In Washington, DC, Supreme Court Justices are a pretty big deal. In New York, though, they’re pretty common. That’s the case because in New York the “Supreme Court” is the trial court, whereas the state’s highest court is the “Court of Appeals.” The question is, why?
As best I can tell from a bit of googling, the practice seems to go back, with some modification, to the New York Constitution of 1777. That Constitution set up an appellate system modeled after the House of Lords. Appeals from trial courts of general jurisdiction were heard by a gathering of all of the available state trial judges, the state senate, and the state chancellor in charge of the equity courts. They met in what was called “the Court for the Trial of Impeachments and the Correction of Errors.”
Because that “court” was really a collection of trial judges and state senators, there was no distinct “high court” consisting of members who only served in that court.
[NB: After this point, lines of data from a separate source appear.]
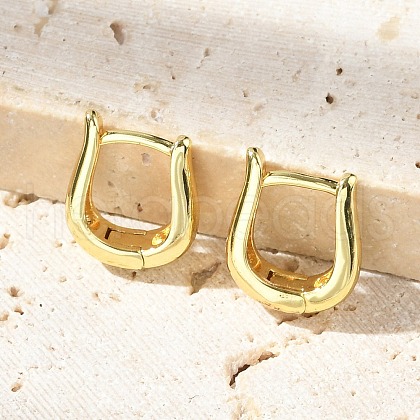 U-Shaped Brass Hoop Earrings EJEW-D311-105G-1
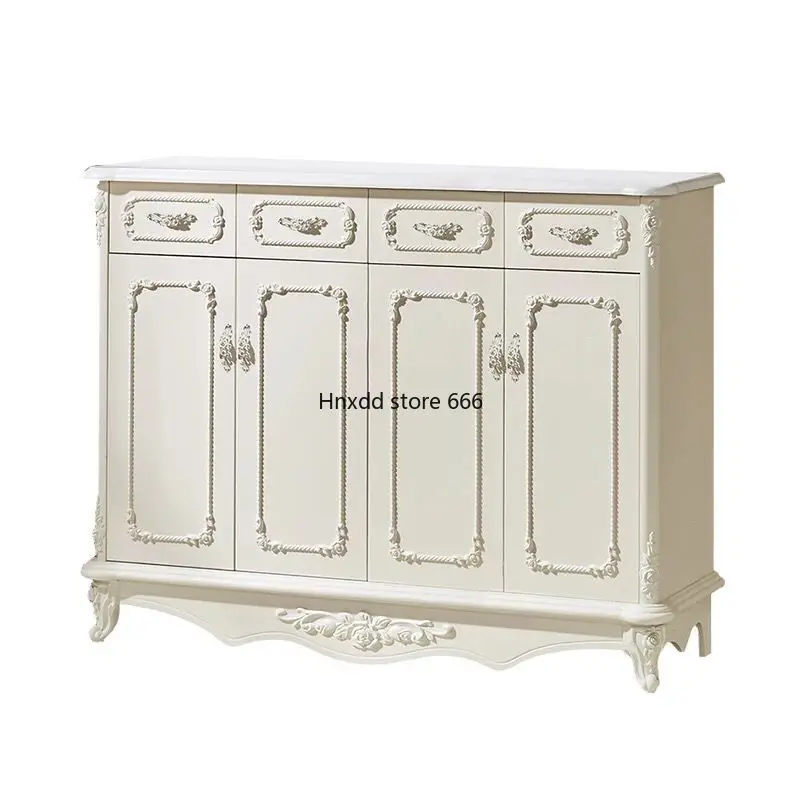 CXH Shoe Cabinet Multi-Layer Large Capacity White Carved Shoe Cabinet Double-Door High Shoe Cabinet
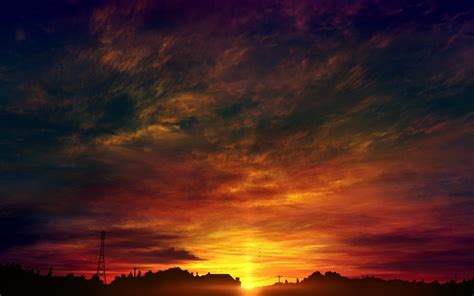 Download 1440x900 Wallpaper Original Anime Sunset Sky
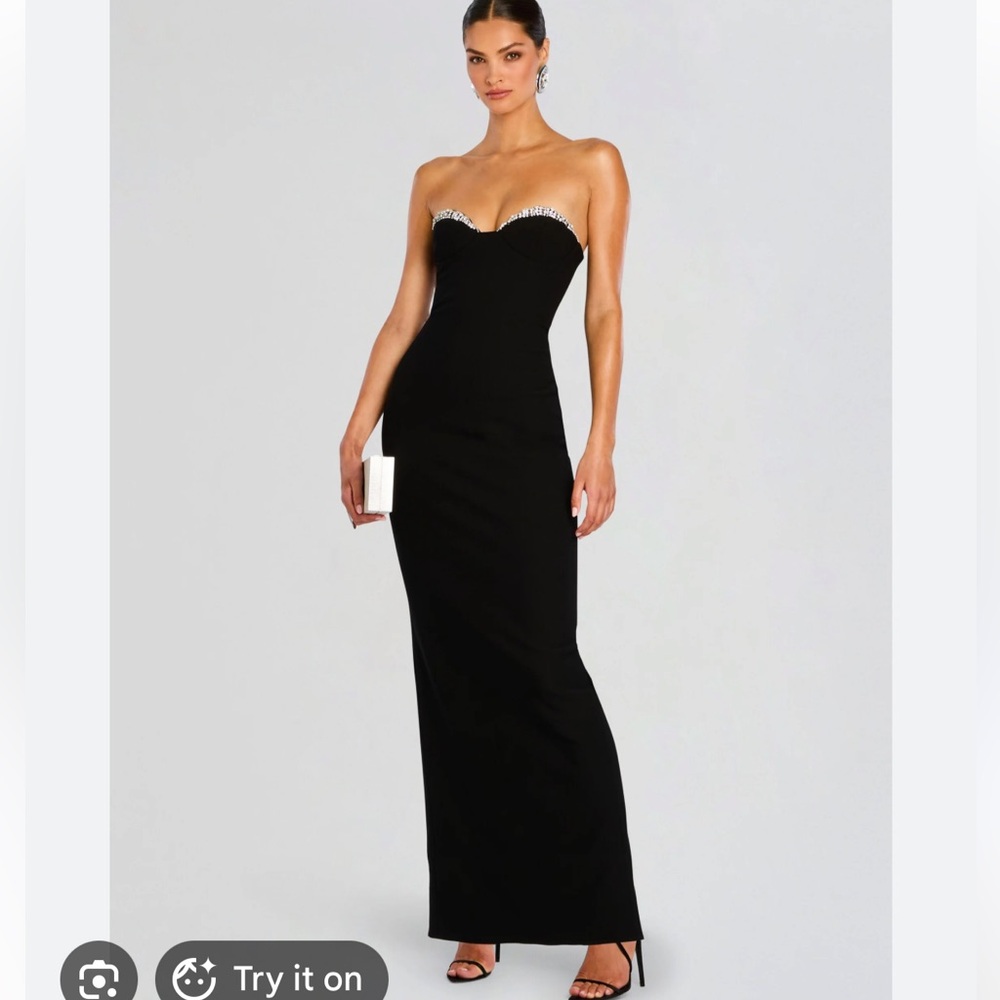 Retrofete Black Strapless Dress with Silver Accents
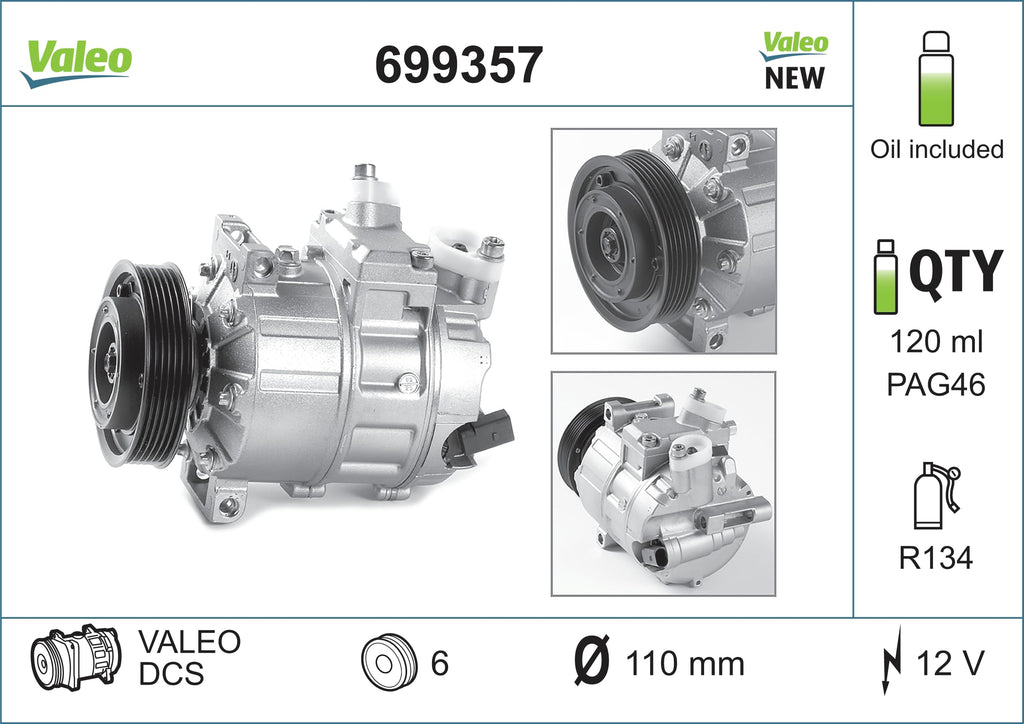 Klimakompressor 699357 für Fahrzeugklimaanlage 12 V 1785 W R134a PAG 46 für Audi A3 und VW Golf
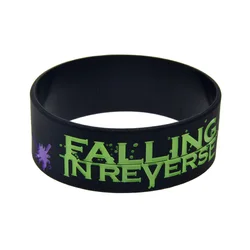 1 PC Falling In Reverse 1 Inch Wide Silicone Rubber Bracelet Black For Music Fans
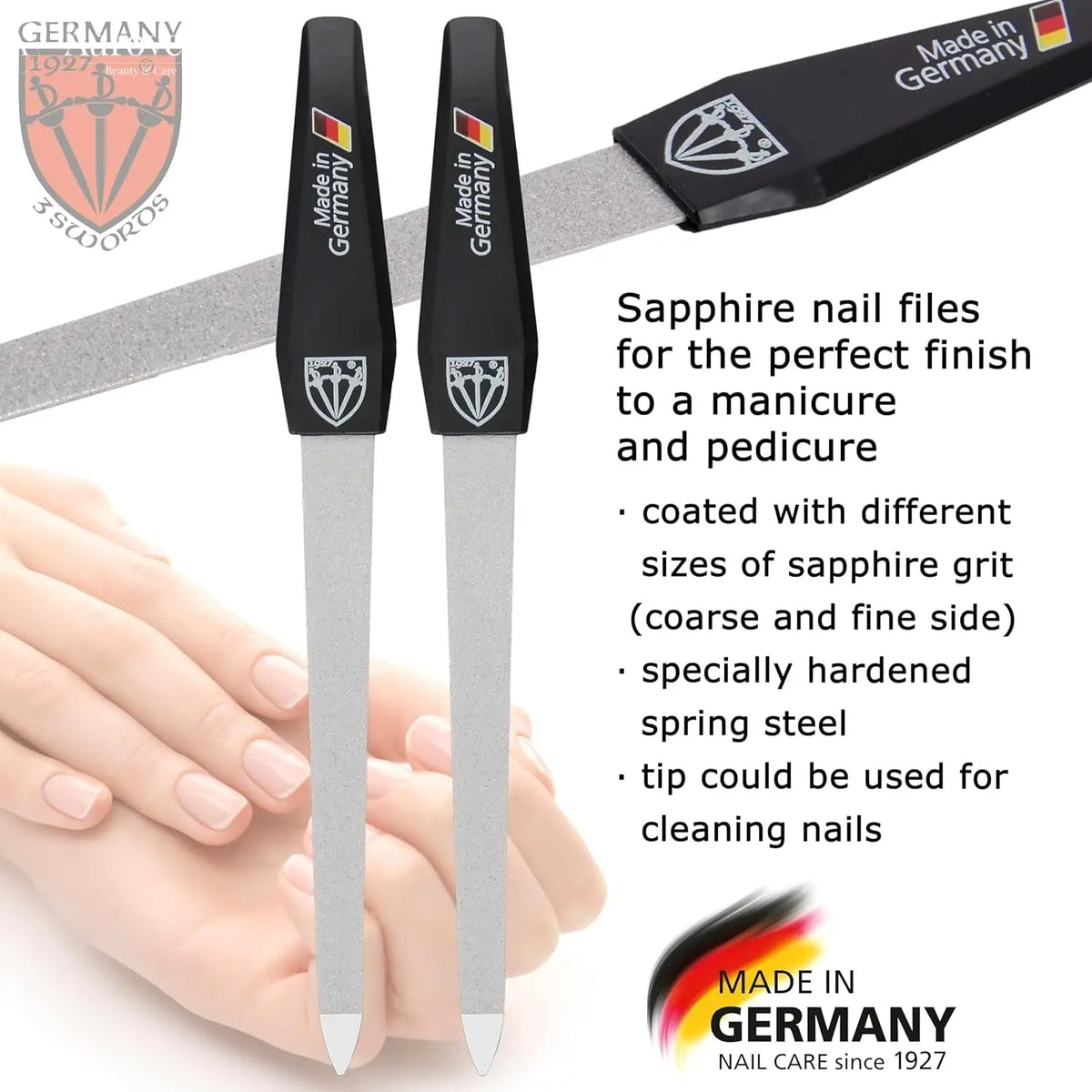 - Sapphire Metal Nail File Set 2 Pieces with 1 PIECE 3-Way Nail Buffer – Nail Care Made in Solingen/Germany - Aurovelia Beauty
The trial judges in the courts of general jurisdiction were as “high” up as the New York Court system went, as they both heard proceedings as trial judges and in the Court for the Trial of Impeachments and the Correction of Errors. Given that, it wasn’t too strange to label these judges as Justices of the Supreme Court.
In the 19th Century, the Court for the Trial of Impeachments and the Correction of Errors was abolished and replaced with a more modern appellate court. Instead of renaming everything, the trial courts kept the name “Supreme Court” and the high court was named the “Court of Appeals.”
Anyway, that’s what a bit of googling suggests. I’m sure the VC’s readership includes experts in the history of the New York court system; if I’m getting the history wrong, or there are details or links to add, I hope you will consider pointing it out in the comment thread.